*Problem to solve*. Quote word for word the lines starting at the line with "Allegheny National Forest" and ending at the final line of the entries. Leave out any pictures.

*Records for processing*.
============================================================
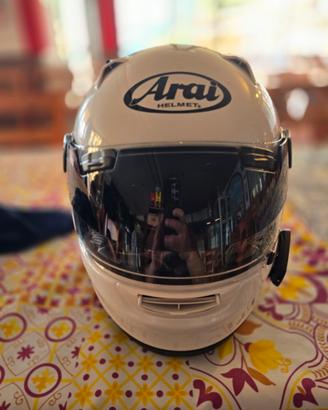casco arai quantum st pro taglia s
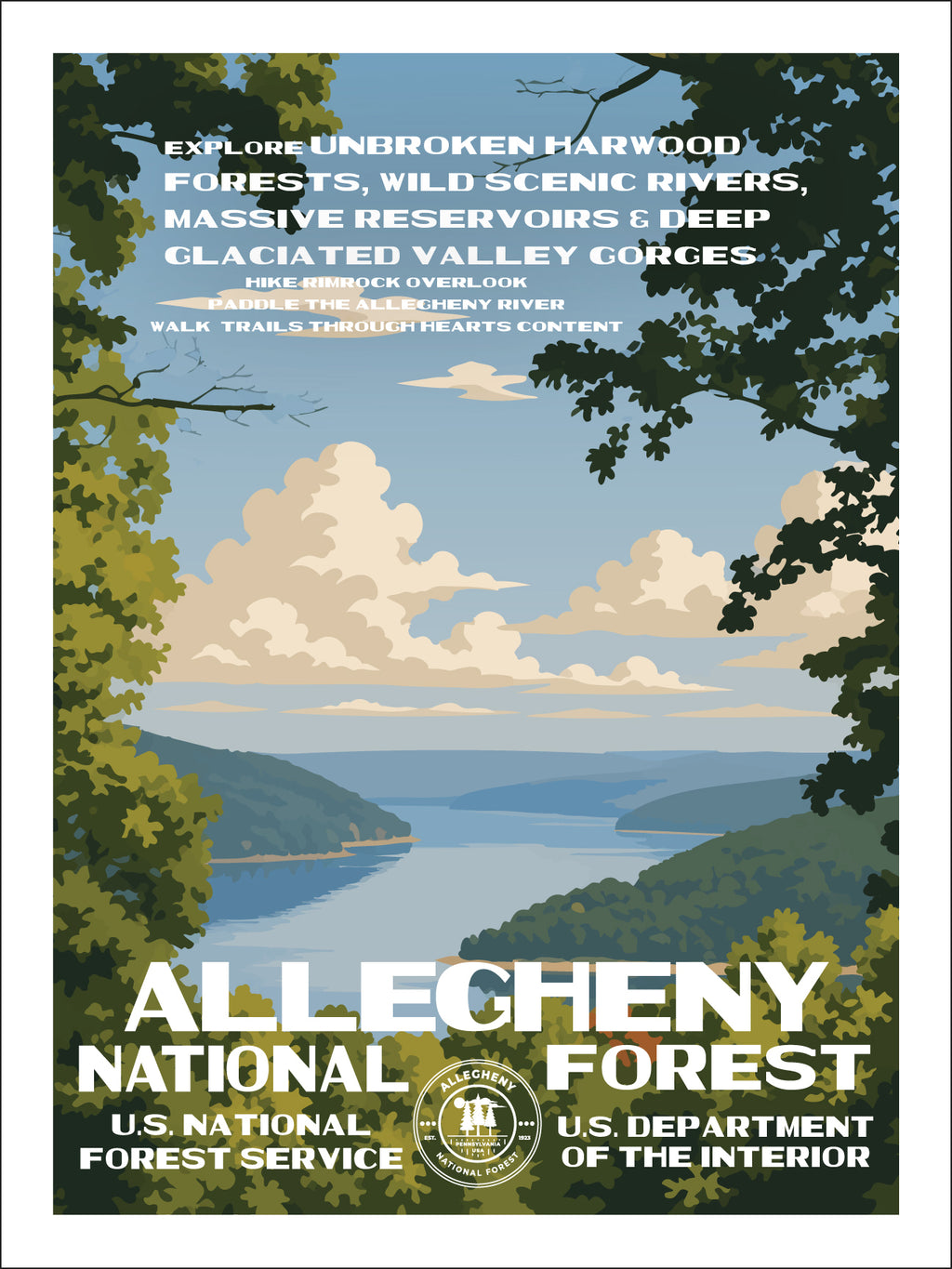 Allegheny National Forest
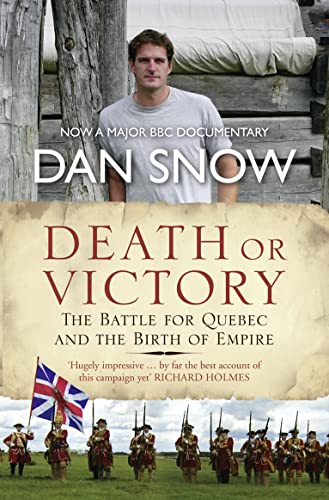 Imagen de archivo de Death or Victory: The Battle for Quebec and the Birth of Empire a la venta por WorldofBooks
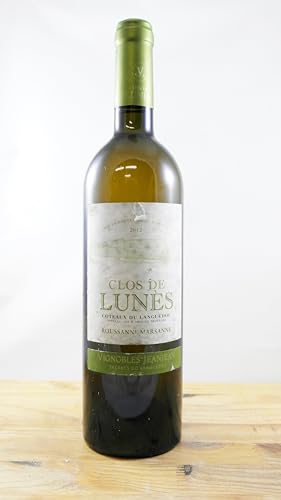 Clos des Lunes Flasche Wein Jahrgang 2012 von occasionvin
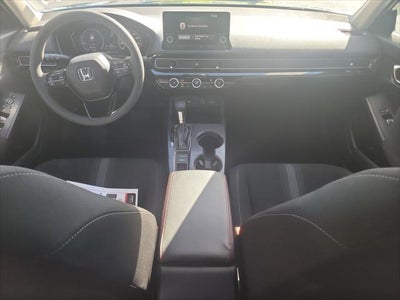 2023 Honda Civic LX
============================================================
*Answer area*.
 Allegheny National Forest
 Imagen de archivo de Death or Victory: The Battle for Quebec and the Birth of Empire a la venta por WorldofBooks
 Clos des Lunes Flasche Wein Jahrgang 2012 von occasionvin
 2023 Honda Civic LX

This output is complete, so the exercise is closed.